Morian blickte auf und schüttelte ihren Kopf. „Es ist viele Jahre her, aber ich vermisse ihn immer noch. Er war ein guter Gefährte. Ich vermisse unsere Gespräche“, gab sie leise zu. Dann schüttelte sie erneut ihren Kopf und lächelte. „Also, wie konntest du dich wegschleichen, ohne dass Zoran etwas bemerkt hat?”
„Er hat es bemerkt“, ertönte eine tiefe Stimme von dem schattigen Pfad, der zum Brunnen führte.
Abby verdrehte die Augen und setzte sich neben Morian. „Hey Schatz.“
„Wag es nicht, mich Schatz zu nennen“, knurrte er, während er auf sie zukam. „Ich dachte, ich hätte dir gesagt, dass du in unserem Wohnbereich bleiben sollst.
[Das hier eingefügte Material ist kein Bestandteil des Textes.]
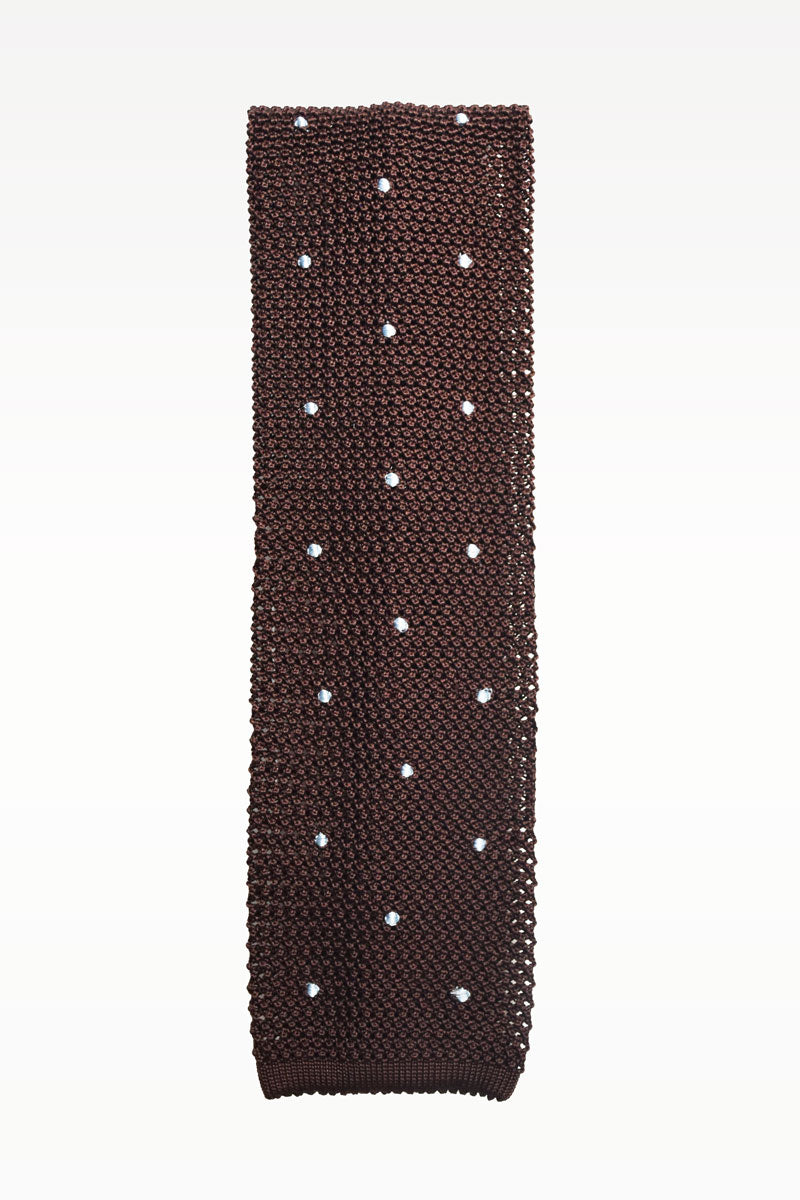 Brown knit tie with sky blue polka dots by Ardentes Clipei, showcasing its textured fabric and stylish pattern.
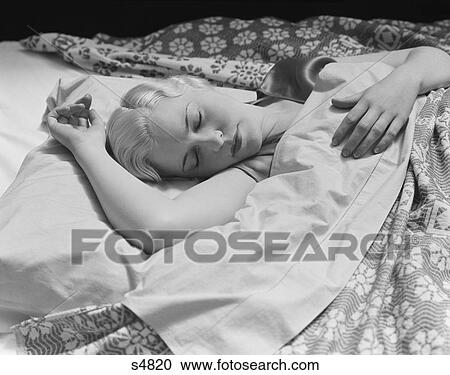 1930S Sleeping Blond Woman Hand Over Head Asleep View Large Photo Image Stock Image - 1930S Sleeping Blond Woman Hand Over Head Asleep. Fotosearch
Du musst dich ausruhen. Zohar hat dich gestern Nacht bestimmt ein halbes Dutzend Mal aufgeweckt“, sagte er und zog Abby hoch, um sie in seine Arme zu schließen.
Abby ließ sich gegen Zorans Brust sinken und genoss seine warme Haut an ihrer Wange. „Da war er nicht der Einzige“, murmelte sie düster.
Diesmal wurde Zoran ein bisschen rot. „Ja, naja, du hast extrem süß gerochen“, flüsterte er und warf seiner Mutter einen Blick zu, die ihn mit einer hochgezogenen Augenbraue ansah. „Naja, das hat sie. Die Milch, die sie für Zohar produziert, ist –“, fügte er zu seiner Entschuldigung hinzu.
Abby stöhnte, um ihn zum Schweigen zu bringen, während sie ihr heißes Gesicht an seiner Brust vergrub. „Das ist mehr, als deine Mutter wissen muss“, stöhnte sie.
„Ja, allerdings“, kicherte Morian. „Aber wie ich vorhin bereits gesagt habe, er ist wie sein Vater.“
Zoran klappte den Mund auf, bevor er ihn rasch wieder schloss und den Kopf schüttelte. „Das war’s. Zeit, dass wir wieder in unseren Wohnbereich zurückkehren. Komm her, kleiner Krieger. Wir legen dich hin, damit du ein Schläfchen machen kannst. Ich glaube, deine Dola braucht ebenfalls ein kleines Nickerchen.“
Morian kicherte, als Zohar seinen Vater böse anblickte, bevor er sein Gesicht verzog und laut aufheulte, als Zoran seine kleinen Finger vorsichtig von den Haaren löste, die er aus Morians Zopf gezogen hatte. Zoran schnitt eine Grimasse und warf Abby einen Blick zu. Die Verzweiflung stand ihm ins Gesicht geschrieben. Mit einer gehobenen Augenbraue streckte Abby die Arme aus und nahm Zohar kopfschüttelnd wieder auf den Arm. Kaum hatten sich seine kleinen Finger um eine lange dunkle Haarsträhne geschlossen, hickste er und beruhigte sich. Seufzend vergrub er sein Gesicht an ihrem Hals.
„Deswegen darfst du dir niemals die Haare schneiden lassen“, sagte Zoran stur. „Ich mag es nicht, wenn er schreit. Es tut mir in den Ohren weh.“
Morian kicherte, als Abby und Zoran gingen und darüber diskutierten, dass Zohar lernen musste, dass es nicht immer nach seinem Willen gehen konnte, nur damit er nicht weinte. Sie erinnerte sich daran, dass sie mit Jalo die gleichen Diskussionen gehabt hatte. Sie hoffte, dass Abby mehr Glück haben würde als sie. Jalo hatte seine Söhne geliebt und sie wusste, dass sie sich in mehr Schwierigkeiten gebracht hatten, als gut für sie gewesen war, weil sie es geschafft hatten, ihn um den Finger zu wickeln.
Sie drehte sich auf dem kühlen Stein um und ließ ihren Blick durch das Atrium schweifen, das ihr absolutes Heiligtum war. Sie tauchte ihre Finger in das klare Wasser und spielte abwesend damit, bis die Stille einen Punkt erreichte, an dem sie nicht mehr beruhigend war, sondern sie fast erstickte. Sie betrachtete die kleinen Wellen, die sie im Wasser gemacht hatte. Und ihr wurde bewusst, dass ihr Leben genauso war wie das aufgewühlte Wasser.